Businesses and organizations around the world are scrambling to insure their operations will be compliant with the sweeping changes that the General Data Protection Regulation (GDPR) will usher in next May. Among the businesses most critically impacted by GDPR are credit reporting firms, which collect and disseminate enormous volumes of personal data on millions of individuals and businesses.
Oslo-based Creditsafe is among such businesses. This year the firm will deliver more than 150 million credit reports while receiving hundreds of thousands of new credit records daily, a lot of it in unstructured formats. Thus complying with the stringent requirements of GDPR took on a great sense of urgency at Creditsafe.
Tough Challenges
Specifically, Creditsafe faced several pressing challenges, including:
- Cataloging data and bringing it into an inventory database in an industry where the data flooded in from multiple disparate sources and multiple countries
- Improving common processes for managing data across different countries
- Making data accessible and usable to Creditsafe employees that understood the core business, not just usable by highly skilled engineers
- Creating a common data structure when data was held in more than a dozen separate data silos, making it hard to communicate these data across different businesses, each with its own language and methods of describing these data.
Solution: A Data Catalog
The solution for these and other challenges at Creditsafe was a centralized, searchable data catalog of all disparate data sources, according to Cato Syversen, CEO at Creditsafe. “We needed a great platform and good environment for managing our great volumes of very different data types,” he recalled.

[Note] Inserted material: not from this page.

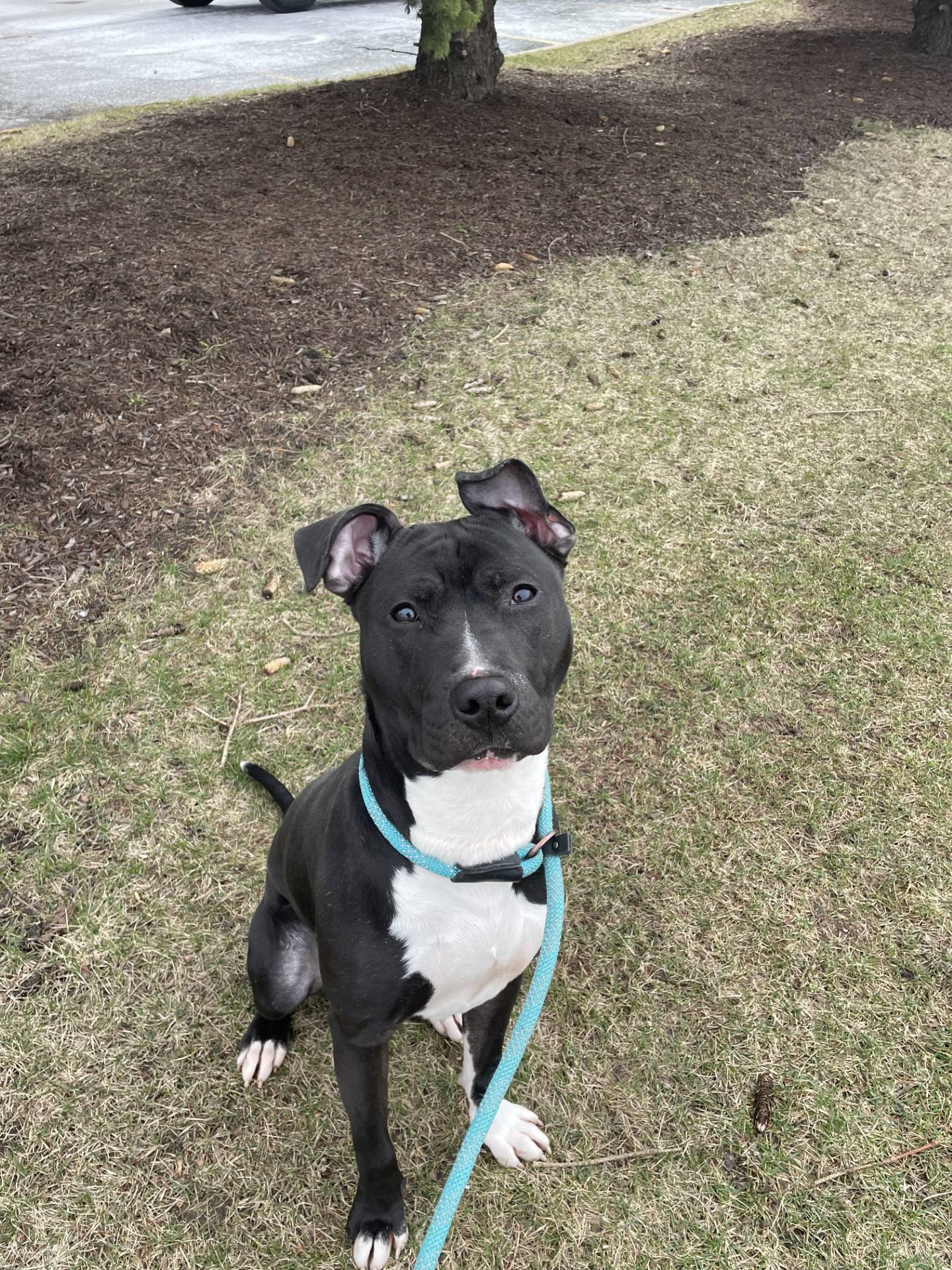 Pluto is a 1-year-old, lovable terrier. He loves to play but also settles down quickly when needed. He does amazingly well with other dogs and is shy and sweet around the kitties at the rescue. He loves to meet new people and will sometimes end up in a lap for some attention. To meet Pluto, email Dogadoption@nawsus.org. Visit nawsus.org.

An essential element of the catalog solution chosen is the ability to automate data profiling and data tagging. This allows Creditsafe to discover what is personal attributable information within sensitive files. Creditsafe can now take those tags and feed them into its metadata processing engine, allowing the company to anonymize that data from raw files to the initial data load. The result is compliance with the edicts of GDPR. “This helps us to meet the GDPR requirements quickly in that we can immediately identify each data item right back to its original source,” notes Angus Gow, Creditsafe Chief Technology and Chief Content Officer.
Immediate, Positive Business Results
The positive business impact of the data catalog approach at Creditsafe was felt almost immediately. Right away business analysts gained far greater visibility into the raw data the company processes. Cost savings accrued from the de-duping capabilities of the data catalog solution, as Creditsafe could more quickly identify duplicate data sent to the company by different data sources. So the company only pays once for data.
Prior to implementing the data catalog, it would take a month or more of laborious manual labor to onboard new data sources or new countries. That process now takes a couple days or less, as the data catalog automates discovery and tagging formerly done by hand.
Finally governance and overall GDPR compliance got a major boost as Creditsafe can now track the origin of all data files back to the first supplier, tagging the location automatically.
In all, Gow says the data catalog will be an integral part in Creditsafe’s five-year goal of becoming the biggest source of crowd-sourced business data globally.